2. Logo: Make sure at least one of your screen captures includes your company’s logo. Use your pixel-editing program to copy and crop it (note that your graphic identity standards might have “white space” rules about cropping it too aggressively).
3. Colors: Use the eye dropper tool in your graphics program to understand the RGB color values of the dominant colors of your logo and web graphics. You can also download freeware eyedropper tools (there’s a handy one called ColorPic). Record the RGB values so you can reuse them in type, shapes and lines on your dashboard. You can even use these colors in your dashboard’s pie charts, bar charts and line graphs.
4. Fonts: Ask your company’s webmaster for the names of fonts and styles used on your company’s website. To ascertain them on your own, locate them on the page source of any page on your company’s website (the page source of any web page can be accessed from the “tools” menu of most browsers). You may have to find the CSS file to do this.
Tie the components together for your dashboard
Now that you have the 4 core components, you can begin to experiment with using different combinations of the elements in your dashboards. I’ve included screen shots of a sample dashboard to show how this idea works.
Let’s say I’m creating a dashboard for Game of Thrones. I don’t have access to HBO’s graphic designer, so I’m going to try and extrapolate what the Game of Thrones corporate identity system might be composed of. The first thing I do is go to the website: www.hbo.com/game-of-thrones/index.html. Wow, this is a very edgy design! I take a screen capture of this home page. (See Figure 1.)
I can see that the font is a sans-serif font, but I’d like to match it as closely as possible, so I decide to view the page source. (See Figure 2.)
I quickly locate the name of the CSS file. (See Figure 3.)
I open the CSS file, search for “font” and highlight all occurrences of it on the page. (See Figure 4.)
By locating “font-family” under “body” I can see that the dominant font used on the page is “Arial, Helvetica, sans-serif.” This confirms my educated guess that the font is a sans-serif font and provides me with two alternative fonts to use on my dashboard. Personally, I like the sophistication of Helvetica.
OK, so I have my font and some source imagery for colors. But there’s not a lot of color variety on the home page that I captured. So I explore the site to see if there’s more interesting imagery. The Viewer’s Guide has some handsome images. (See Figure 5.)
I take a screen capture of that page too.
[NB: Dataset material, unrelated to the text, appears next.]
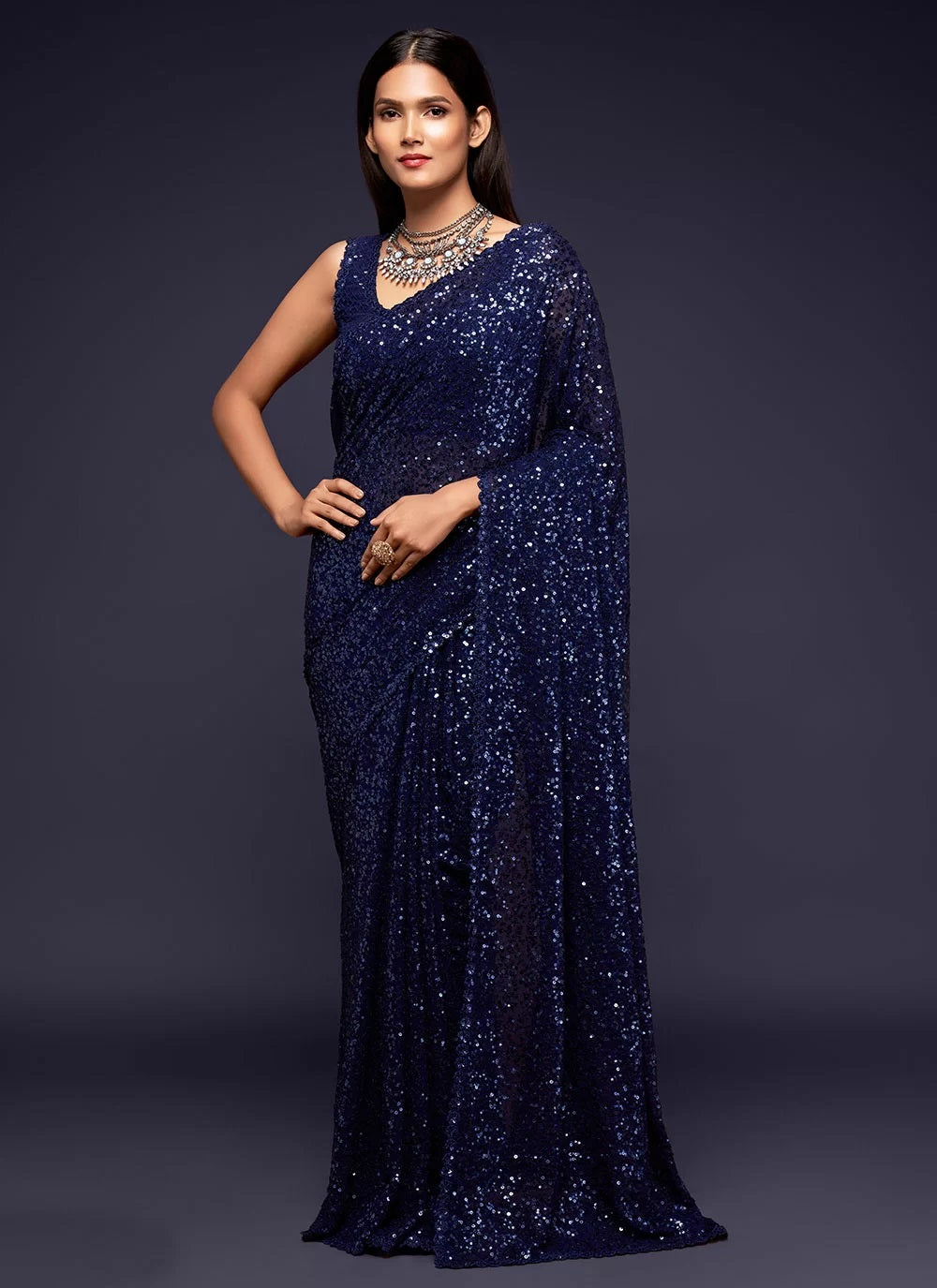 Blue georgette sequinned embroidered saree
Next, I open both screen captures in Photoshop and use the Eye Dropper tool to isolate colors used on this site. (See Figure 6.)
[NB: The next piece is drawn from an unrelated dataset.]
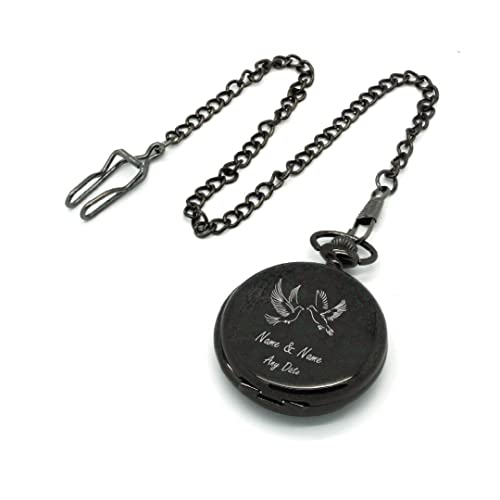 Taschenuhr, mechanisch, mit römischen Zahlen, personalisierbar, mit Gravur, Schwarz, Satin Gift box Cover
I take note of the color RGB values that I’ve found:
Tan = 231, 199, 158
Black = 51, 49, 37
Gray = 164, 170, 168
Olive Green = 189, 187, 102
Burgundy = 86, 46, 44
I may not use all these colors, but at least I have the information to use if needed.
I love the map on the Viewer’s Guide page and decide to crop it to use as a page accent. (See Figure 7.)
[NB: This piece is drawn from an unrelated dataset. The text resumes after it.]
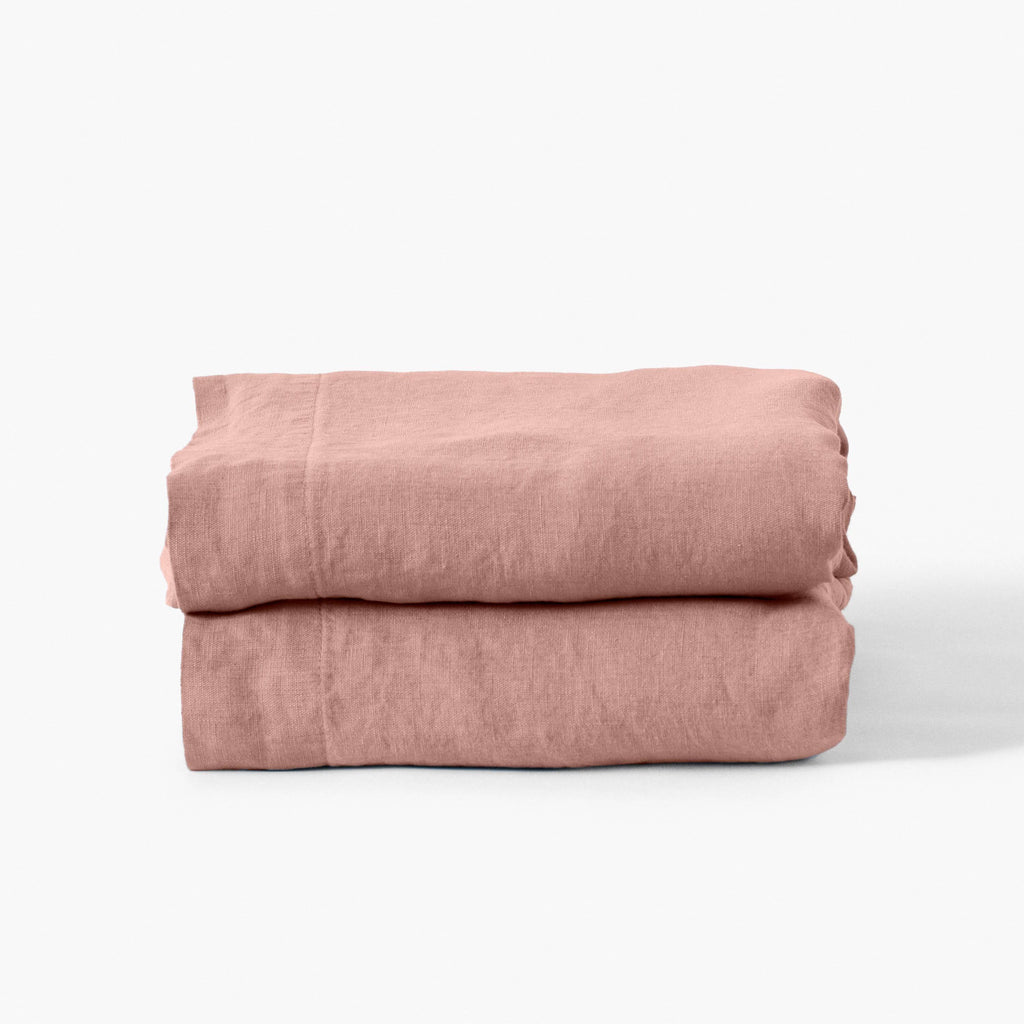 Flatsheet in Washed Linen Songe Ash Pink - Carré Blanc Canada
It’s a little dark so I use Photoshop “Levels” to lighten the midtones. (See figure 8.)
Then I save it as a .png file.
The only thing missing is the Game of Thrones logo. I actually had a hard time finding it on the website so I took a copy of the one I found on Wikipedia. (See Figure 9.)
Now I can combine these elements on my dashboard to create something that looks like a Game of Thrones dashboard. (See Figure 10.)
This dashboard looks great! The changes to the look and feel are subtle enough to avoid competition with the indicators, and yet there are enough visual clues to indicate that this is definitely a Game of Thrones dashboard.